It should be appreciated that the structural characteristics of some or all of the pins in the array of conductive pins 210, the first dielectric 212, and/or the second dielectric 214 may not be capable of maintaining the required positional relationships between the surface 208 of the radiative structure 202 and the conductive surface 206. In such cases, a frame (not shown) is required to maintain the required positional relationships. For example, if the pins in the array of conductive pins 210 are highly flexible, the first dielectric 212 is air, and the second dielectric 214 is air, a frame is needed to maintain the needed positional relationships of the radiative structure 202 and the high-impedance backing 204. In the case in which one or both of the first dielectric 212 and second dielectric 214 is a gas or liquid, all or a portion of a frame may also need to serve as container for the gas or liquid. Other combinations of characteristics of the array of conductive pins 210, the first dielectric 212, and/or the second dielectric 214 and the particular application in which the antenna system 200 is meant to operate may require a frame to maintain the desired positional relationships between the surface 208 of the radiative structure 202 and the conductive surface 206.

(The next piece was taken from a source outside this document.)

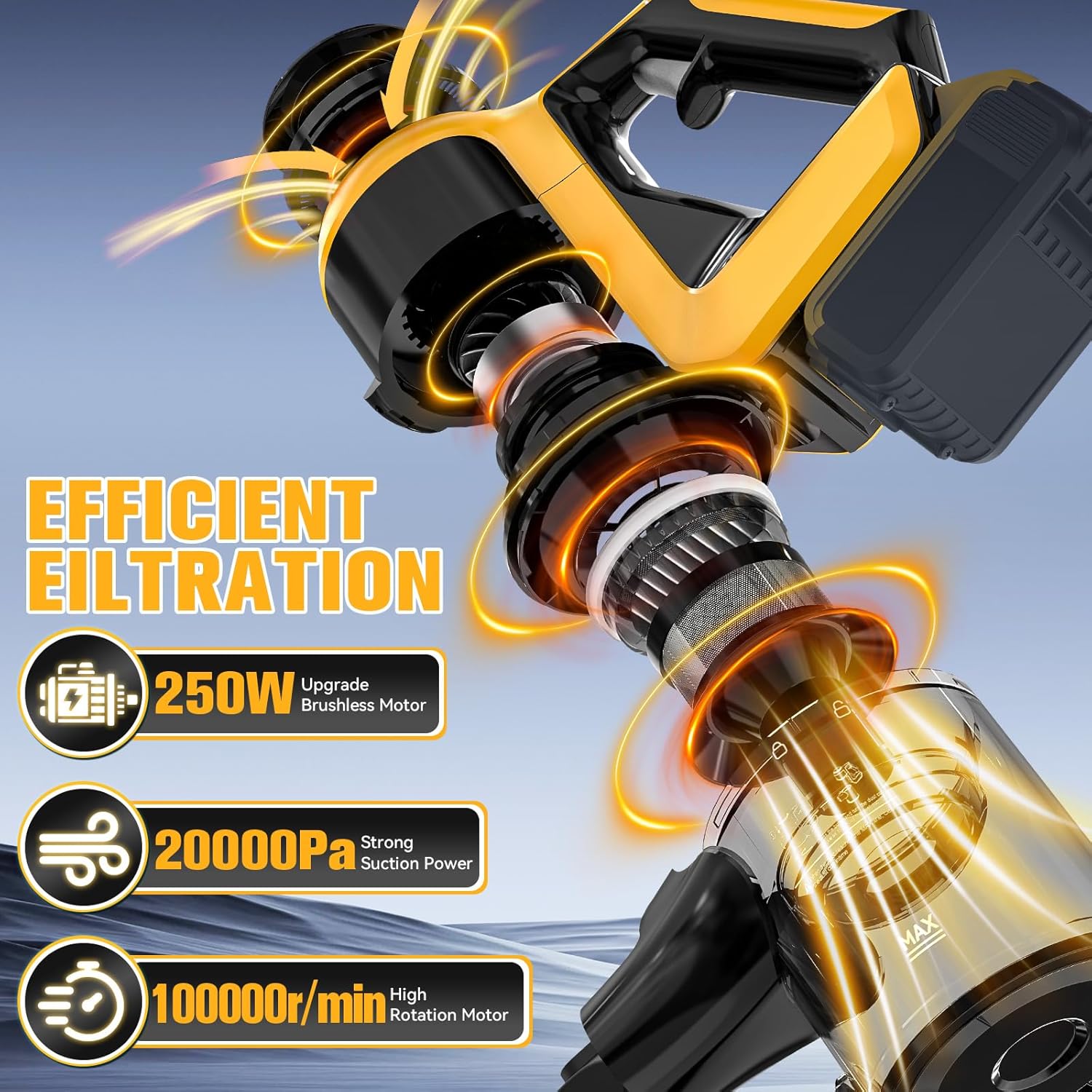 Cordless Vacuum Cleaner for DeWALT 20v/18v Battery (150W Upgraded)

Each pin in the array of conductive pins 210 is made of a conductive material. Suitable conductive materials include: (a) metallic non-magnetic conductive materials, (b) metallic magnetic conductive materials, and (c) non-metallic conductive materials. Examples of metallic non-magnetic conductive materials include copper and aluminum. Examples of metallic magnetic conductive materials include iron, steel, nickel, cobalt, and alloys thereof. Examples of non-metallic conductive materials include carbon fiber and conductive organics. The power requirement under which the high impedance backing 204 must operate may limit the material that can be employed for the pin to a particular conductive material or group of conductive materials. The structural requirements (shock, load etc.) under which the antenna high impedance backing 204 must operate may also limit the material that can be used for a pin to a specific conductive material or group of conductive materials.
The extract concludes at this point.